# k-NearestNeighbors Fruits Data Set

### Improvement on existing k-NN classification results by generating intensive features from extensive features

In [1]:
import pandas as pd

In [2]:
fruits = pd.read_table('fruit_data_with_colors.txt')
fruits.head()

Unnamed: 0,fruit_label,fruit_name,fruit_subtype,mass,width,height,color_score
0,1,apple,granny_smith,192,8.4,7.3,0.55
1,1,apple,granny_smith,180,8.0,6.8,0.59
2,1,apple,granny_smith,176,7.4,7.2,0.6
3,2,mandarin,mandarin,86,6.2,4.7,0.8
4,2,mandarin,mandarin,84,6.0,4.6,0.79


The features of this data set include: mass, width, height, color score. With these features alone the best we can get with k-NN is:

In [3]:
import numpy as np
from sklearn.model_selection import train_test_split
from sklearn.neighbors import KNeighborsClassifier
X = fruits[['color_score', 'mass', 'height','width']]
y = fruits['fruit_label']

X_train, X_test, y_train, y_test = train_test_split(X, y, random_state=0)
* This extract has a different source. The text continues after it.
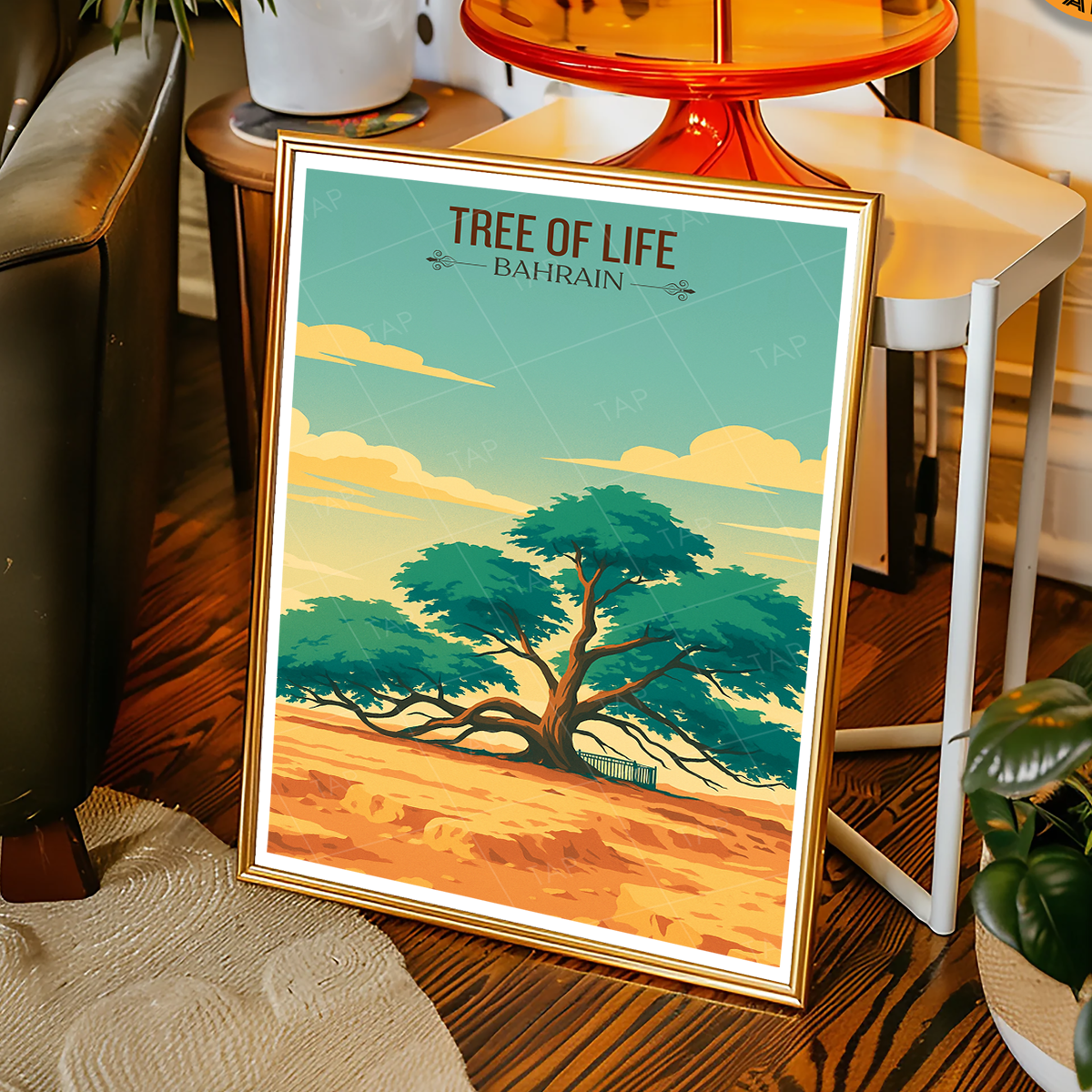 Tree of Life - 400 Years Old Tree Without Water - Bahrain - Travel Wall Art Print - Art Print - Travel Art Poster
knn = KNeighborsClassifier(n_neighbors = 6)
knn.fit(X_train, y_train)
print(knn.score(X_test, y_test))
print('k-NN predicts the the test set correct {}% of the time'.format(knn.score(X_test, y_test)*100))

0.6
k-NN predicts the the test set correct 60.0% of the time


**However, by simply modeling the fruits as ellipsoids using the mass, height, and width features to obtain a density (an intensive property) we can achieve significantly better results (93% accuracy):** 

![Ellipsoid](https://i.imgur.com/EoqtA9x.png?1)
<center>**An ellipsoid**</center>

In [4]:
fruits['volume'] = ((4/3)*np.pi*(fruits['width']))*(np.square(fruits['height']))
fruits['density'] = (fruits['mass']/fruits['volume'])
fruits['ratio'] = fruits['width']/fruits['height']

X = fruits[['color_score', 'density', 'ratio']]
y = fruits['fruit_label']

X_trainF, X_testF, y_trainF, y_testF = train_test_split(X, y, random_state=0)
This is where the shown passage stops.